=== GIVEN INFORMATION ===

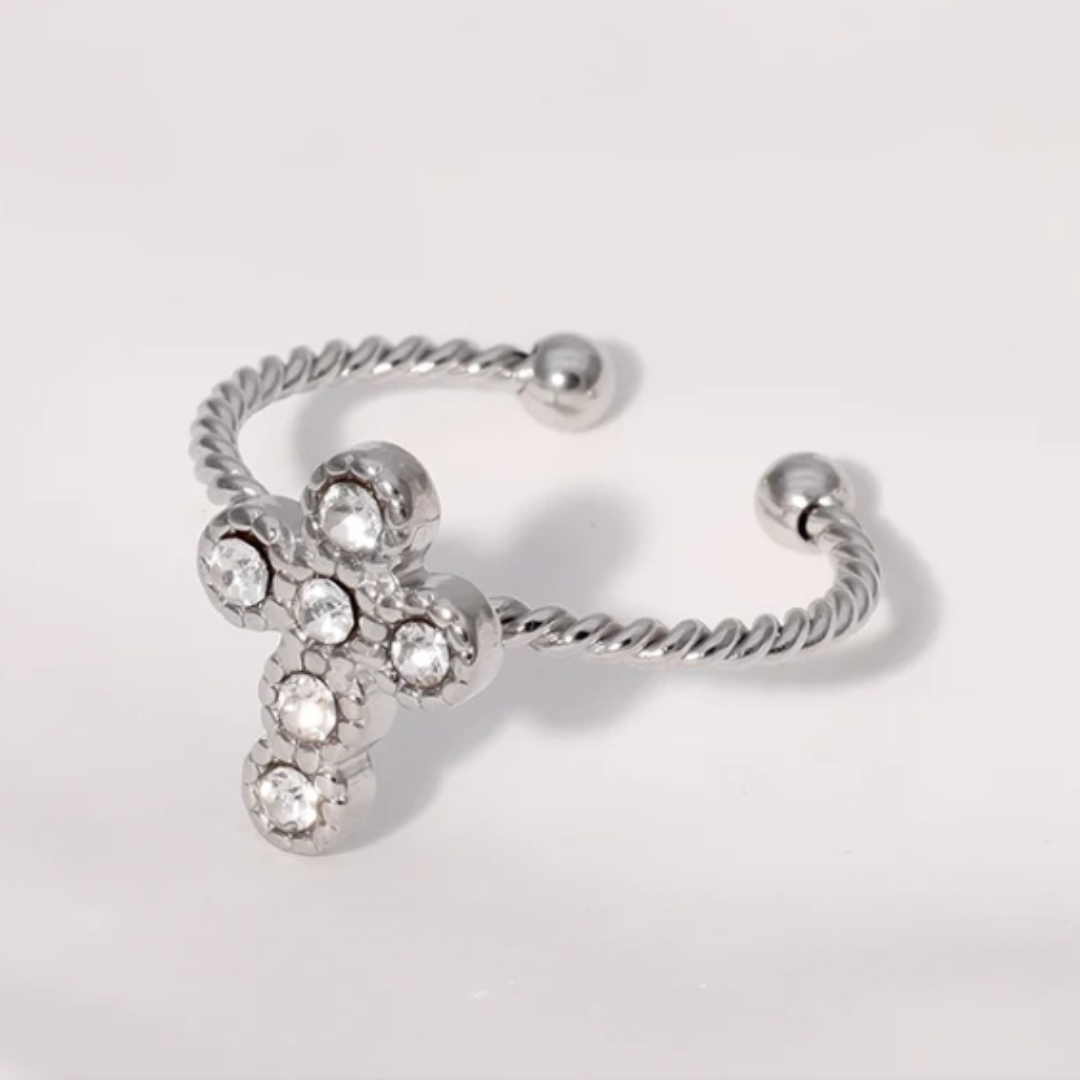 Stainless Steel Cross Ring | Christian Jewelry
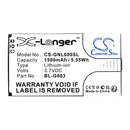 Cameron Sino Cs Gnl600Sl 1500Mah Replacement Battery For Gionee Mobile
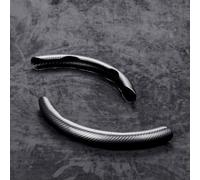 Auto Lenkradbezug für Hyundai Bayon, Kohlefaser Lenkradschutz Anti-rutsch Atmungsaktives Lenkradbezug Universal Auto Lenkradhüllen,Black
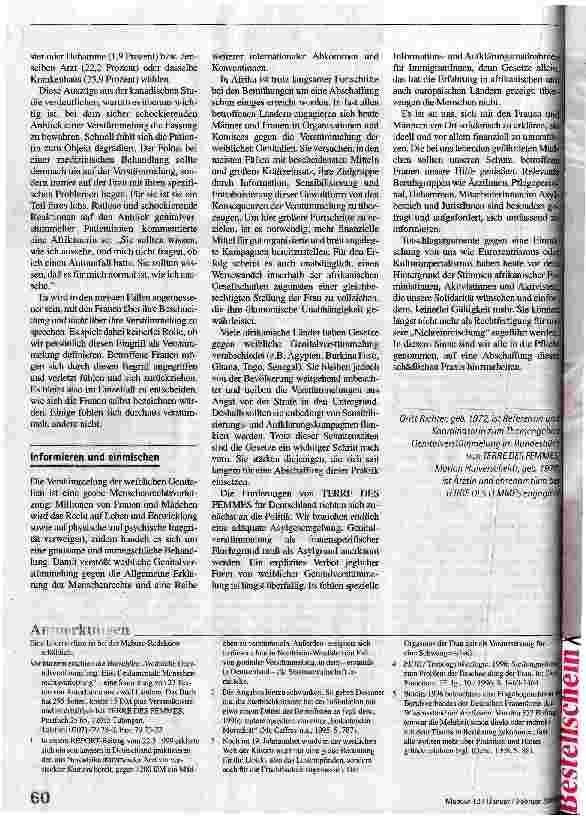 Vorschauseite 5: Fundamentale Menschenrechtsverletzung Die weibliche Genitalverstümmelung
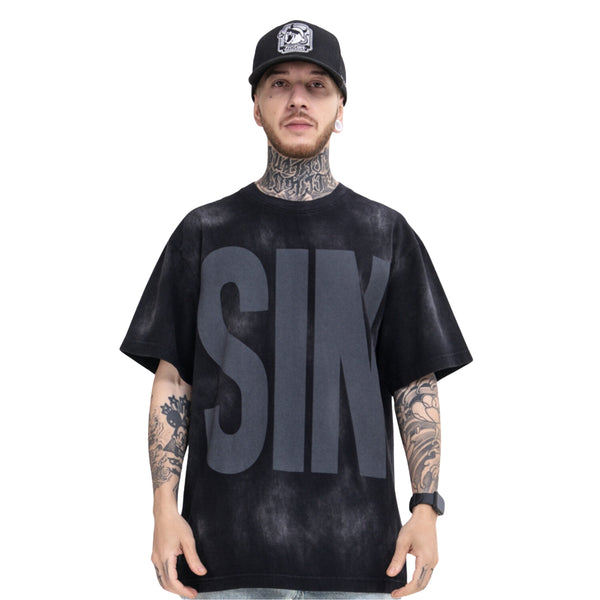 Oversize SIN black streetwear t-shirt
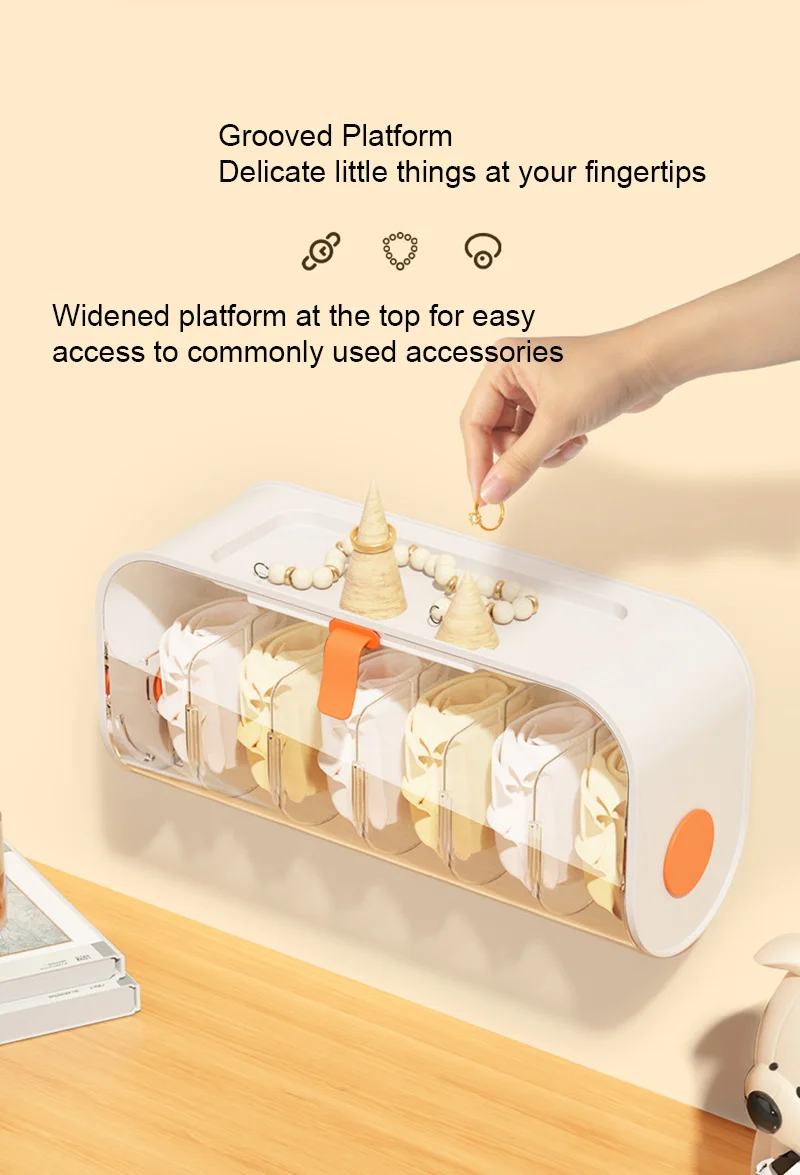 Multifuctional Socks Underwear Storage Artifact Wall-Mounted Punch Free Rack Holder Organizer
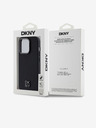 DKNY PU Leather Stack Logo Magsafe Zadní Kryt pro iPhone 15 Pro Black DKNY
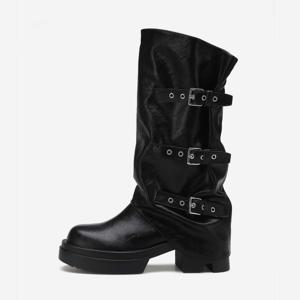 던컨 버클 미들부츠 412546013 (6cm)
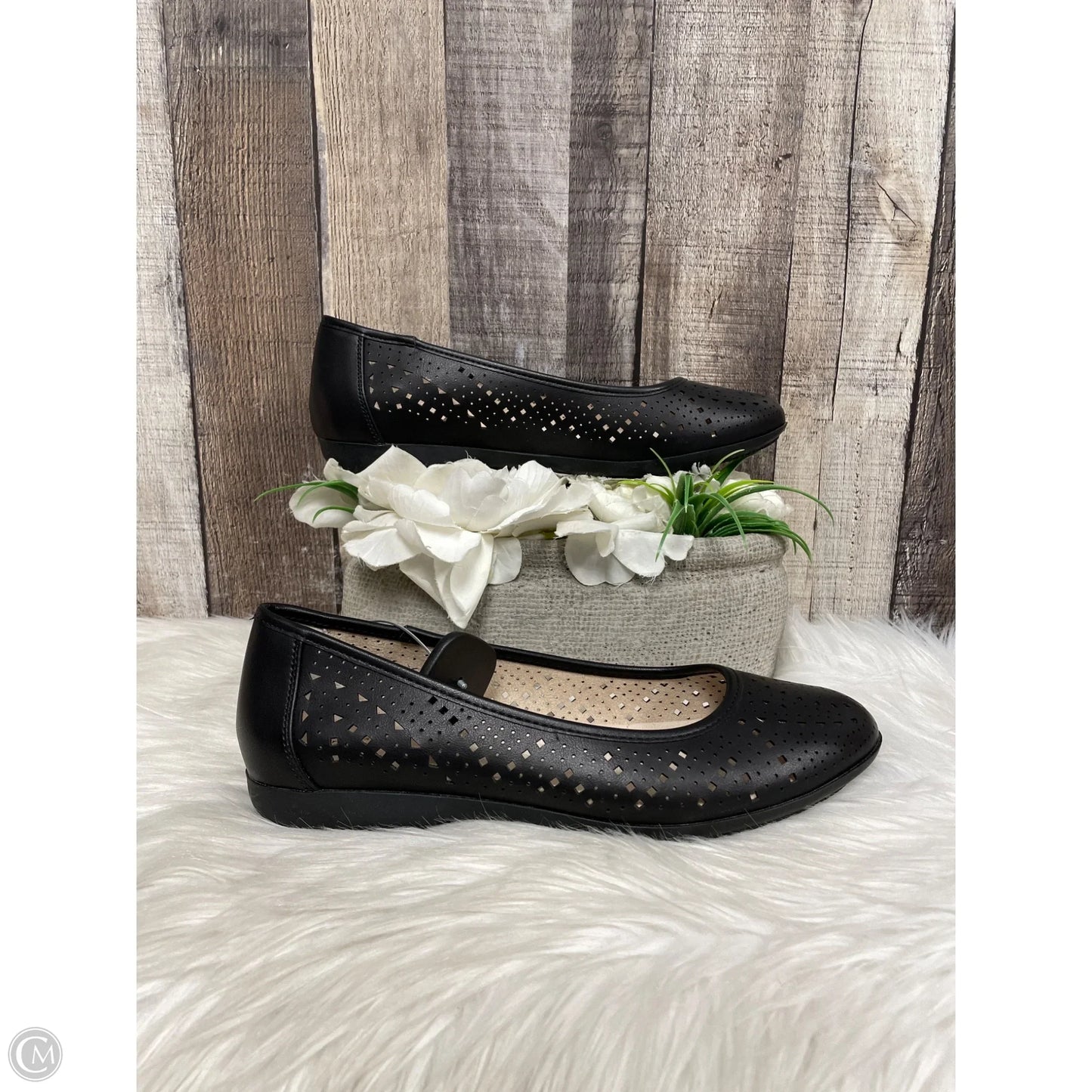 Shoes Flats By Bass In Black, Size: 8.5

===

[TASK INSTRUCTIONS] Would you mind transcribing the material exactly, without the pictures?

[TASK RESPONSE]
 Stainless Steel Cross Ring | Christian Jewelry
 Cameron Sino Cs Gnl600Sl 1500Mah Replacement Battery For Gionee Mobile
 Auto Lenkradbezug für Hyundai Bayon, Kohlefaser Lenkradschutz Anti-rutsch Atmungsaktives Lenkradbezug Universal Auto Lenkradhüllen,Black
 Vorschauseite 5: Fundamentale Menschenrechtsverletzung Die weibliche Genitalverstümmelung
 Oversize SIN black streetwear t-shirt
 Multifuctional Socks Underwear Storage Artifact Wall-Mounted Punch Free Rack Holder Organizer
 DKNY PU Leather Stack Logo Magsafe Zadní Kryt pro iPhone 15 Pro Black DKNY
 던컨 버클 미들부츠 412546013 (6cm)
 Shoes Flats By Bass In Black, Size: 8.5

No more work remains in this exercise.